The heat transfer across the case 1 transport phenomenon increases with $\lambda$ at the rate of $0.521836591$. Meanwhile, the heat transfer across the case 2 transport phenomenon increases with $\lambda$ at the higher rate of $0.591063639$; see Table 4 and Table 5. The differences between the observed changes in the increase in mass transfer rate for the transport phenomena of cases 1 and 2 are minimal (regarding magnitude). Moreover, the distribution rate of motile gyrotactic organisms was found to be higher as $\lambda \to 2$ in Table 4 and Table 5. Figure 11 and Figure 12 depict the gradients of distribution of motile gyrotactic organisms across the domain at different levels of wall stretching velocity $\lambda$. Considering the first case of transport phenomenon, the effects of $P_e$ on $-{\chi }^{\prime }\left(\eta \right)$ when $\lambda =0$ and $\lambda =5$ were examined and presented as in Figure 13 and Figure 14. The distribution of motile gyrotactic organisms $\chi \left(\eta \right)$ is a decreasing property of $P_e$. For the static wedge and moving wedge, the higher the Péclet number, the lower the distribution of motile microorganisms within the fluid domain Figure 13 and Figure 14. Moreover, minimal distribution of motile microorganisms within the domain of the ternary hybrid nanofluid is obtainable when the wedge moves faster. Figure 15 and Figure 16 confirm the rise of a gradient of distribution of motile gyrotactic organisms near the wall but reduced far away from the wedge as shown in the 3D plot.
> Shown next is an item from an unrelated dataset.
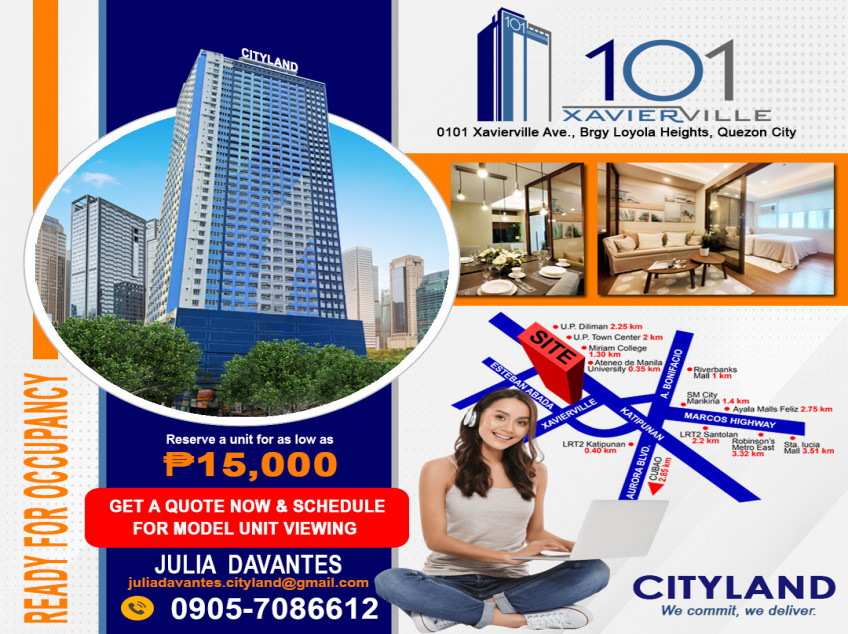 Cityland - 101 XAVIERVILLE, Commercial and Residential Condominium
The turning points are within the interval $0.5\le \eta \le 2$. The distribution of motile microorganisms is extensive in Figure 15. It was also noticed that the maximum value of $-{\chi }^{\prime }\left(\eta \right)$ was obtained when $P_e=4$ at $\eta =0$ as $6.8992$. In Figure 15, when $\lambda =0$ for a static wedge and $P_e=0.5$, $\frac{N{m}_x}{\sqrt{R{e}_x}}\sqrt{\frac{2}{m+1}}$ that quantifies the gradient of distribution of motile gyrotactic organisms at the wall decreases with $\eta$ at the rate $-0.020498425$. When there exists a higher stretching at the wall of the wedge (i.e., $\lambda =5$ and $P_e=0.5$), $-{\chi }^{\prime }\left(\eta \right)$ decreases with $\eta$ at the rate of $-0.130199045$.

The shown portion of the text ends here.